This is related to a previous question I asked (Upper bounding $v^TAv$ where $A$ is the inverse of a sum of rank-$1$ matrices and $v$ is a vector). Let $(x_i)_{1 \leq i \leq n}$ be vectors of $\mathbb{R}^d$ such that at least one of them is not the zero vector. Let $A=\sum_{i}x_ix_i^T$ and $v \in \operatorname{Im}(A)$ .

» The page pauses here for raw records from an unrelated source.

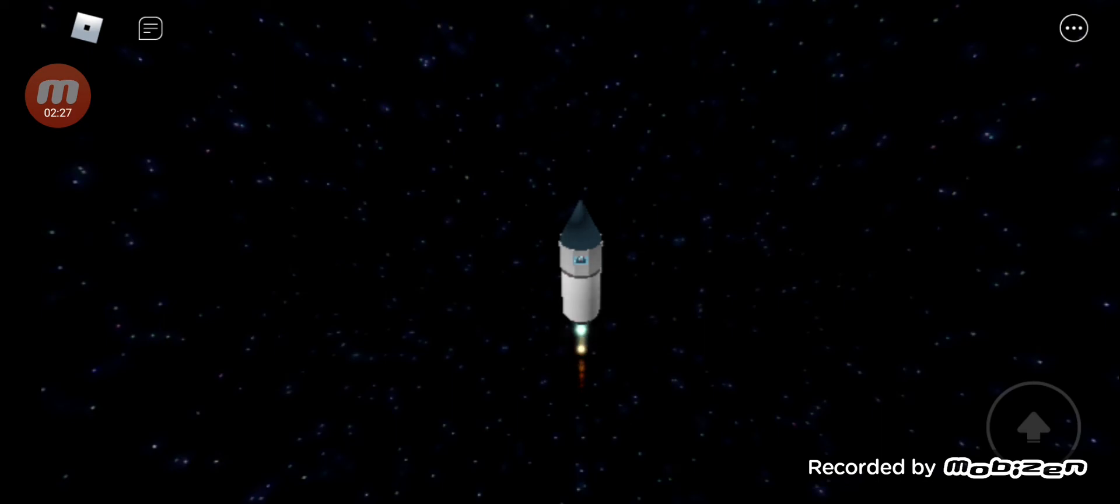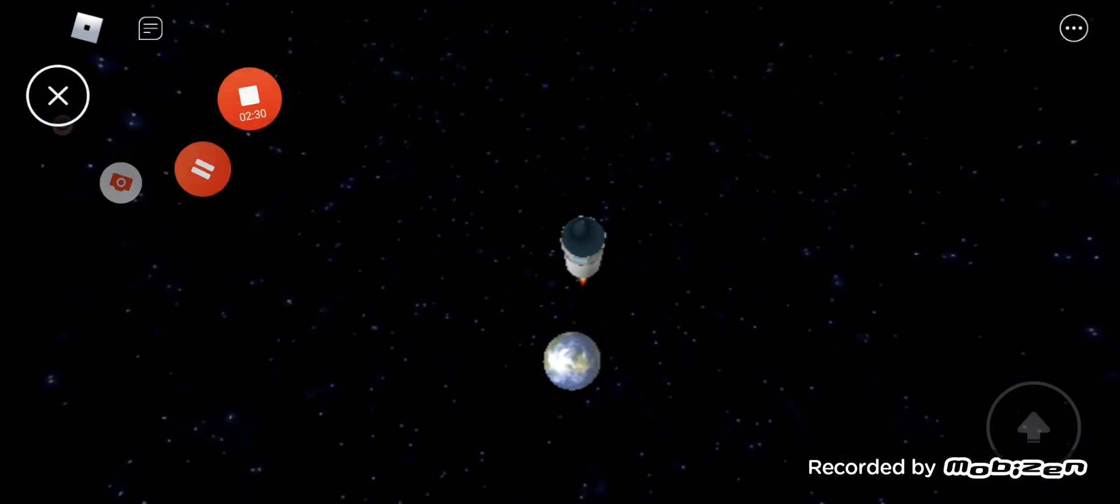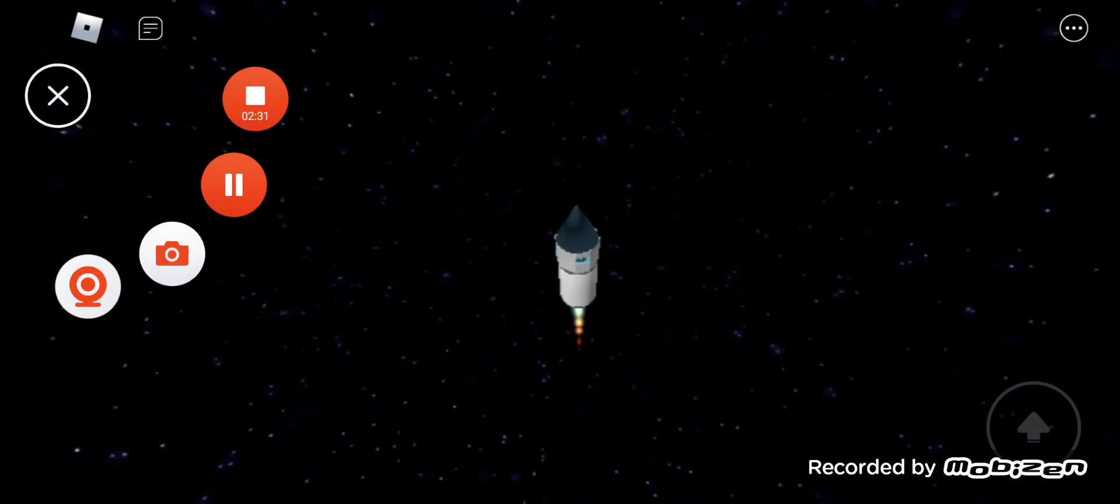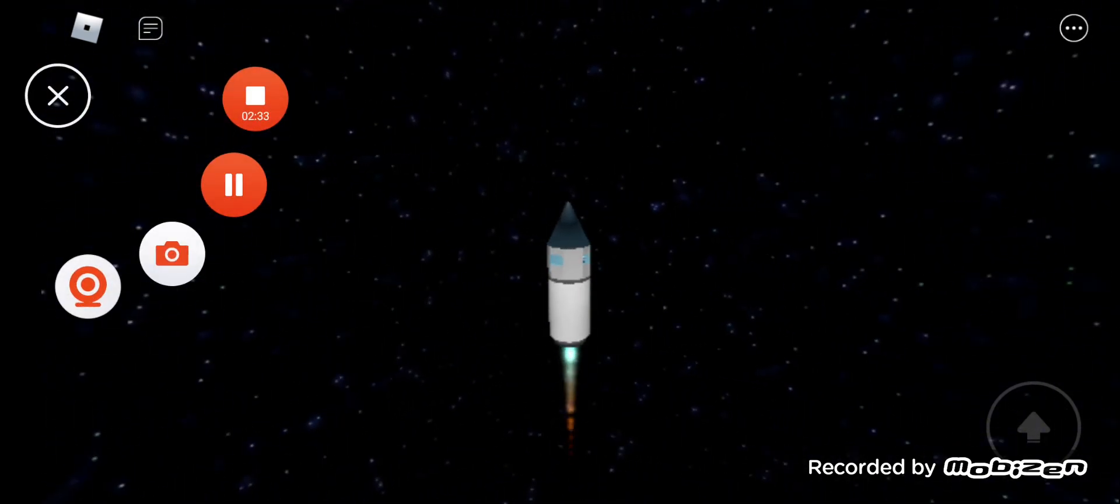One minute 45 seconds since launch. Flight controllers standing by for burnout and jettison of the twin solid rocket boosters, coming up in about ten seconds.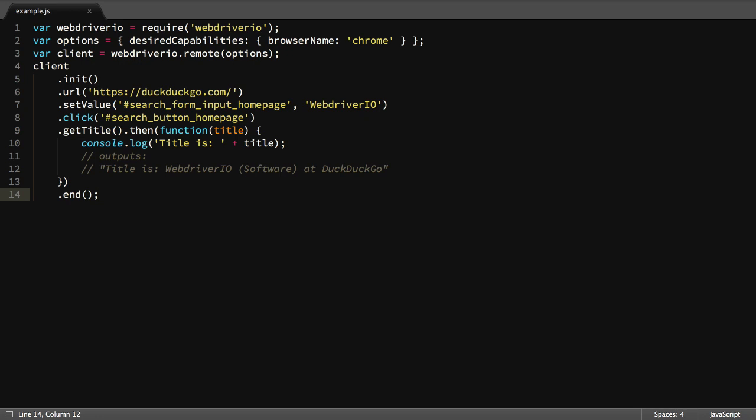Now that we've covered the example WebDriver.io script, let's write our own. We'll jump into that in our next video.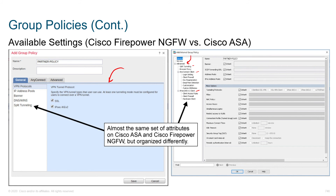If you're on Firepower and looking to deploy remote access VPN, it should do what you need unless you have something really specific. Reach out to Cisco and let them know what you need, because they're taking older features that are missing and moving them over as customers demand. So just good things to keep your eyes out for.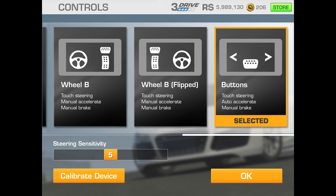The next one is called Buttons — that is touch steering with arrows left and right, and you've got a brake pedal in the middle. That one will automatically accelerate for you. So it's one of these things you need to have a little try out and see what works best for you or whoever's using it.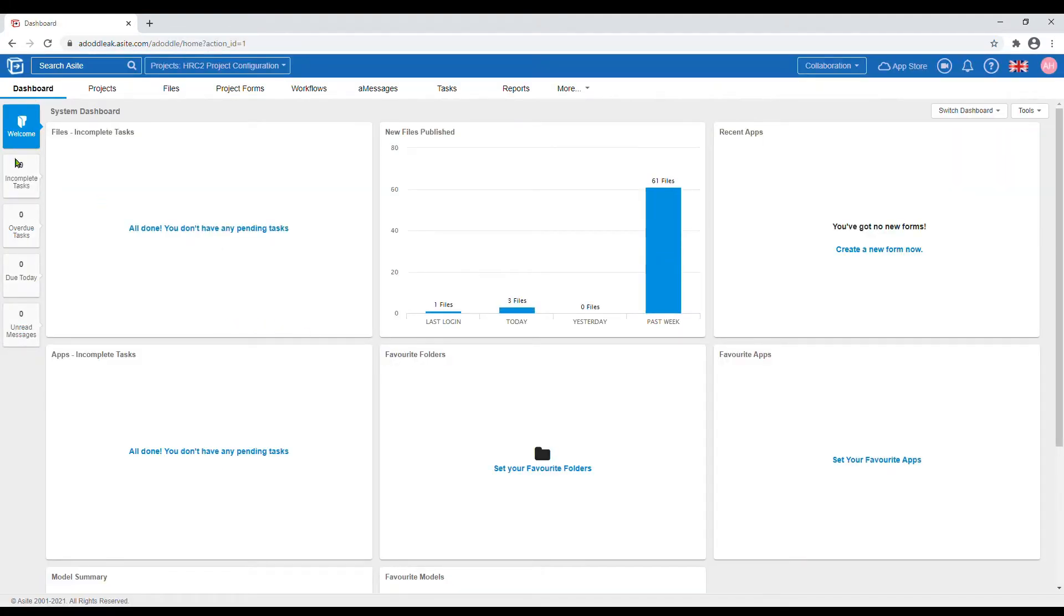Once you have logged in, you are taken to the A-Site dashboard. This is how your home screen should appear or look very similar to.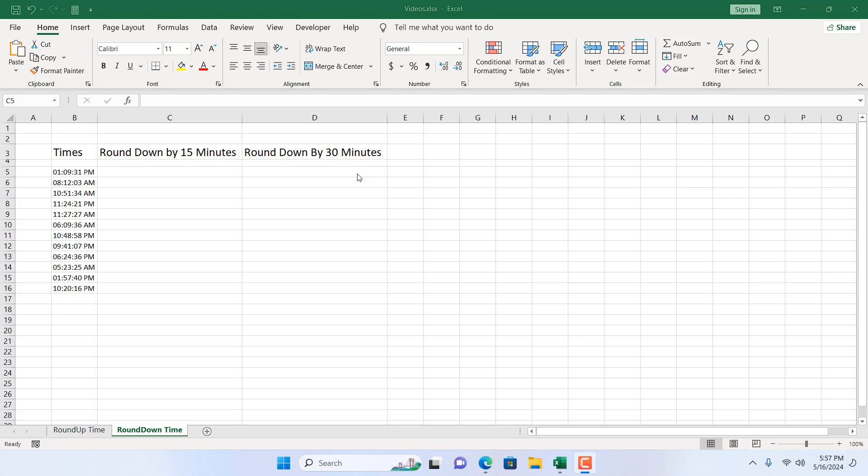How to round down times in Microsoft Excel. Hello everyone, welcome to Excel 10 tutorial. In this advanced Excel tutorial, I'm going to show you how you can round down times by 15 minutes and 30 minutes. Let's get started.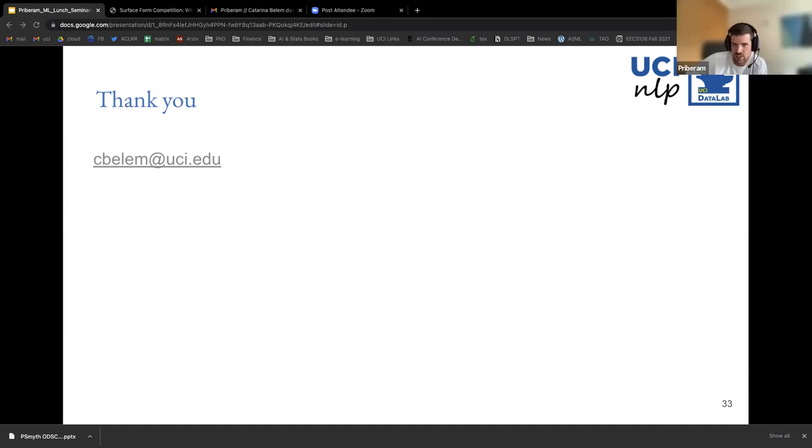Thank you all for this very nice discussion and for your presence. A very special thanks to Catarina who made an excellent talk — and very early in the morning for her, so an even bigger thanks. Thank you all for being here. I hope to see you all in two weeks. We are going to announce the next speaker soon. Have a nice afternoon and see you in two weeks for another session of the PrevM Machine Learning Lunch Seminars.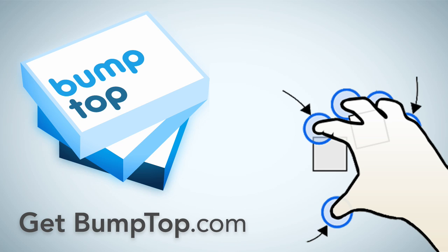If you want to give Bumptop a try or check out our gesture guide explaining all these new features, check out bumptop.com and get organized today.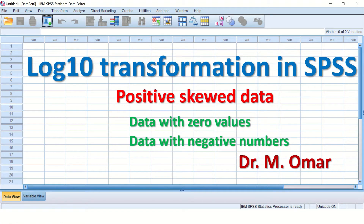Hi everyone, this is Dr. Omar. In this video clip, I will show you how to transform your data in SPSS using the log10, and how to transform positively skewed data, data that has zero values in it, and data with negative numbers.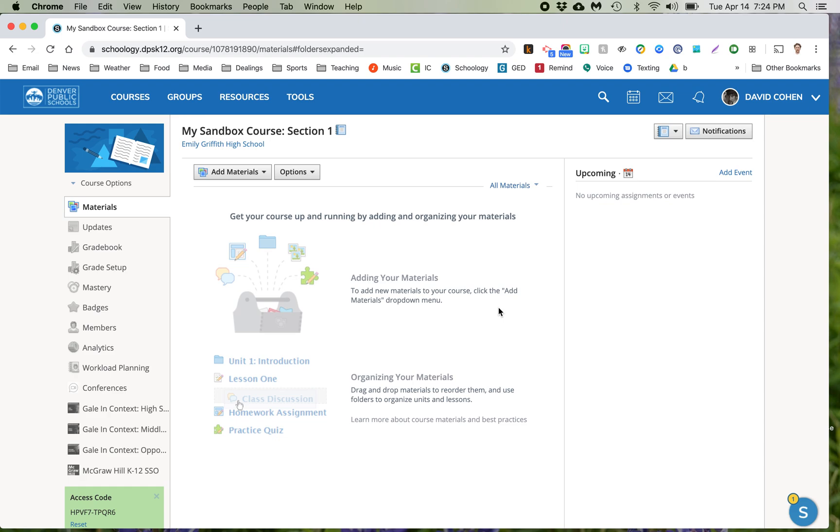All right, this is going to show you how to take some old worksheets or quizzes or anything that's multiple choice and turn it into a Schoology quiz that can be graded immediately and without any effort.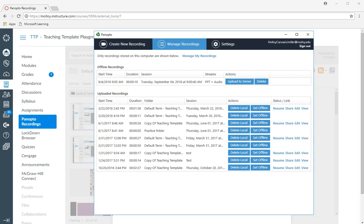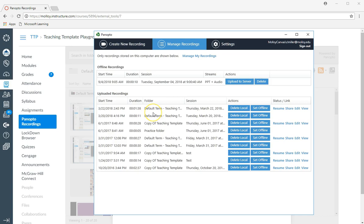In this recording I'm going to show you how to move a Panopto recording that was recorded offline into a folder. Typically when you record in Panopto, it will automatically record your video to the specific folder for your course.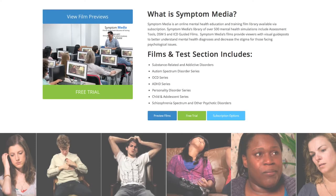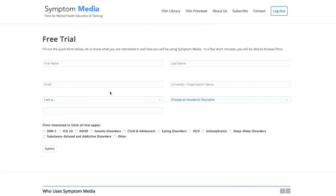Join the over 300 universities, colleges, medical schools, and hospitals subscribing to Symptom Media. Be sure to visit SymptomMedia.com to sign up for a free trial today.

In the previous post, I show that when $A$ is invertible, a lower bound of $v^TA^{-1}v$ can be found by noticing that $A \preceq \left(\sum_{i} x_i^Tx_i\right)I_d$, which yields $A^{-1} \succeq \left(\sum_{i} x_i^Tx_i\right)^{-1}I_d$ and $$v^TA^{-1}v \geq \left(\sum_{i} x_i^Tx_i\right)^{-1}v^Tv.$$
I would like to generalize this result to the case where $A$ is not necessarily invertible (replacing the true inverse by the pseudo-inverse). I understand this won't be true for every vector $v$ because of this negative result (Is it true that $A\geq B$ implies $B^{\dagger}\geq A^{\dagger}$ for singular positive semi-definite matrices?), but I wonder if my additional assumption $v \in \operatorname{Im}(A)$ is enough to make it work.